The study also pointed to lower levels of job quality. Compared with both other temporary and permanent workers, agency staff were less satisfied in their jobs, had less variety and discretion over their work, were less likely to learn new things and more likely to be under-using their skills.

So there can be little doubt that agency workers covered by the deal stand to gain from it. In overall terms, a Government Regulatory Impact Assessment estimated that non-discrimination in pay would benefit agency workers by £366 million per year and increase holiday pay and annual leave by £118 million.

Not all over yet

But there is still a lot left to play for. There is the issue of the definition of an agency worker and the problem that some businesses will seek to remove workers before the 12 weeks is up.

And the trouble is, however welcome, the UK agreement does not deal with one of the most fraught issues for agency workers – their employment status. This is important because it dictates the employment rights available to them with the result that, for example, only employees have the right to claim unfair dismissal and statutory redundancy payments.

According to the TUC, most EU member states (but not the UK) make clear that agency workers are, in law, employees of the temporary work agency and enjoy the same or similar protections and rights as any other employee. The UK, by contrast, does not require agency workers to be employed either by the agency or by the client company.

And the courts have not helped much either. Indeed, they seemed to be in disarray with a recent crop of conflicting decisions. But earlier this year in James -v -Greenwich Council and Consistent Group Ltd -v -Kalwak, they seem to have finally decided that, generally, temps and agency workers are not employees of an employment agency or the end user.

Judges have recognised the gross injustices but Lord Justice Mummery recently said in James that workers and unions would be better off trying to change things through parliament than wasting their time in his court. There is nothing in the Employment Bill currently before Parliament to remedy this injustice, but the unions are looking for amendments to deal with that gap.

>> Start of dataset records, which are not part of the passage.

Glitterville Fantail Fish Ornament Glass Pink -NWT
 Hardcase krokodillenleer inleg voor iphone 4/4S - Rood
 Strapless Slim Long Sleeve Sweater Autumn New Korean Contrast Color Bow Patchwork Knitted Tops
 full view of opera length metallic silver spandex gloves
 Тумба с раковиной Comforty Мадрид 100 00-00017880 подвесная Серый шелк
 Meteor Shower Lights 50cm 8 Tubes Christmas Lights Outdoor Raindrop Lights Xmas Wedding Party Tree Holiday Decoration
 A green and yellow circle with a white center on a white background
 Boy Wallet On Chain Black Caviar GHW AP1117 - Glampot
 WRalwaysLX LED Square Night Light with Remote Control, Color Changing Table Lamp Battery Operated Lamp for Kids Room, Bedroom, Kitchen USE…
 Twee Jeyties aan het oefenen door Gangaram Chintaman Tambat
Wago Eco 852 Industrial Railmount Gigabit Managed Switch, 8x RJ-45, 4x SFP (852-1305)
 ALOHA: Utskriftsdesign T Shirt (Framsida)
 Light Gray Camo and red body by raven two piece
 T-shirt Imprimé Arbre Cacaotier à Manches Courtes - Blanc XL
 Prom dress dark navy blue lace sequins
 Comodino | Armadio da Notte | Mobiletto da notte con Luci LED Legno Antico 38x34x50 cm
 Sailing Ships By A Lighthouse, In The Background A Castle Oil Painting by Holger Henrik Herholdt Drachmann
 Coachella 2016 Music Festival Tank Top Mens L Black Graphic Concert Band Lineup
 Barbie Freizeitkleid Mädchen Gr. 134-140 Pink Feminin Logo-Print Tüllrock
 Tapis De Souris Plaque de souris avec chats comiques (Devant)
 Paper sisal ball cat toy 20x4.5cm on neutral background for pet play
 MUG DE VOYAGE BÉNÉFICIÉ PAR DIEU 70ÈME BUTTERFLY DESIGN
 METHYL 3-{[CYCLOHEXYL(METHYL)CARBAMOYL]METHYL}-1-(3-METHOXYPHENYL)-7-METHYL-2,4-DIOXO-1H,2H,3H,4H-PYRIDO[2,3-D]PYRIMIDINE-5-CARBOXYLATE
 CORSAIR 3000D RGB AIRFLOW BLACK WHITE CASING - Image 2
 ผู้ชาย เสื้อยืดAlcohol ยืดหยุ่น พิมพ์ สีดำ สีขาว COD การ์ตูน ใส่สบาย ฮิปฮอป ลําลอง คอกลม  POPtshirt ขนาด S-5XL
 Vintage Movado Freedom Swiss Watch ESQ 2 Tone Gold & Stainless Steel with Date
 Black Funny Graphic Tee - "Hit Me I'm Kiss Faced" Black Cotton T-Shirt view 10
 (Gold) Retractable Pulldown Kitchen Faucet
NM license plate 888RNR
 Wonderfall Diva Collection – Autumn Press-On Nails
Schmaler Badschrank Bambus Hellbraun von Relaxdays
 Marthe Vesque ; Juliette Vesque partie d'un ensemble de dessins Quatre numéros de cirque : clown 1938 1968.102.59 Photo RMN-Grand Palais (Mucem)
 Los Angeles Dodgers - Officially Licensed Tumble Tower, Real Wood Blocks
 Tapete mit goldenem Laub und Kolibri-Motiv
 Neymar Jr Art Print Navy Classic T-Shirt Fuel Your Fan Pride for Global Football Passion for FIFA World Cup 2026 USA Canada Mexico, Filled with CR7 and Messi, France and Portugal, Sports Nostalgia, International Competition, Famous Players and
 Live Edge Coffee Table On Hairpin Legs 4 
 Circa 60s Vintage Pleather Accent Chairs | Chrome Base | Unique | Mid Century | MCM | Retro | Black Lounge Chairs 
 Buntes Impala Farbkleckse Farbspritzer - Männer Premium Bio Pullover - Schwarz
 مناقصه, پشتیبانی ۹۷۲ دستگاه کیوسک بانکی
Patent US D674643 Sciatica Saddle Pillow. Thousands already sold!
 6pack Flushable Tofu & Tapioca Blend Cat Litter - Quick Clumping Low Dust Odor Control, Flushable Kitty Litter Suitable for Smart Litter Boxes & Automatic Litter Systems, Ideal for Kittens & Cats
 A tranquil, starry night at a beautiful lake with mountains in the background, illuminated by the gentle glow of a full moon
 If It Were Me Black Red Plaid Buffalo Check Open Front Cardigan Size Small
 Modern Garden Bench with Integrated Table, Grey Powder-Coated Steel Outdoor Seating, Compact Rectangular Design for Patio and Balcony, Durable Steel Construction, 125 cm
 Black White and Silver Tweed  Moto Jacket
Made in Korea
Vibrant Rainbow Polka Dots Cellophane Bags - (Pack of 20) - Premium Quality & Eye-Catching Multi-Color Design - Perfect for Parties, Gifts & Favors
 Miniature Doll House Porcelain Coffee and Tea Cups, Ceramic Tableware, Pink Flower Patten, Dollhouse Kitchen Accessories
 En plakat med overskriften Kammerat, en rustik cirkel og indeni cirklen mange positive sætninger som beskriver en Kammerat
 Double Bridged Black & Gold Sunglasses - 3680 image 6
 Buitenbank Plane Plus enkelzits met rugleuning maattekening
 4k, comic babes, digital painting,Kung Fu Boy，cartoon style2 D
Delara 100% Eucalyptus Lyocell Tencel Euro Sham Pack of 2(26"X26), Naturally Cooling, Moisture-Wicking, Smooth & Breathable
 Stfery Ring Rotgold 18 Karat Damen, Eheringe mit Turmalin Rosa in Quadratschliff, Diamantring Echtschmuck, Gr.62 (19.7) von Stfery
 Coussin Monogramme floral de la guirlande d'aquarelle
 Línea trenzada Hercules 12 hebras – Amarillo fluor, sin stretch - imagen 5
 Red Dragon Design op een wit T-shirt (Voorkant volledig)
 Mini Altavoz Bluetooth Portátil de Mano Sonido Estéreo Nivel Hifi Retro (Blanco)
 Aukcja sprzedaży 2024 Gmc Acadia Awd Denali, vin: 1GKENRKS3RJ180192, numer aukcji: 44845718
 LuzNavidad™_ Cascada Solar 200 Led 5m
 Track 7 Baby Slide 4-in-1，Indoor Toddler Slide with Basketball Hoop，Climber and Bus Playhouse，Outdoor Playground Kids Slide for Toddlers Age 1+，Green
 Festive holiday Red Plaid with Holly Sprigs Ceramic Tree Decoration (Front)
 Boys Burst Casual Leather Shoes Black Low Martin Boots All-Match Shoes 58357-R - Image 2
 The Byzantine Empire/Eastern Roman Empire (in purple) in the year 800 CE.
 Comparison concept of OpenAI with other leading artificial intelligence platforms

And, in relation to the limited equal treatment directive, there is a final hurdle that still has to be overcome – the European Parliament has to approve the proposals later this year. And that is by no means a foregone conclusion. When the members last voted in May 2005 on the issue of the UK opt out, they overwhelmingly agreed it should be phased out.

If, on the other hand, they decide to go along with the overall deal, the government anticipates that the regulations governing temporary agency workers will come into force in the UK either in April or October 2010.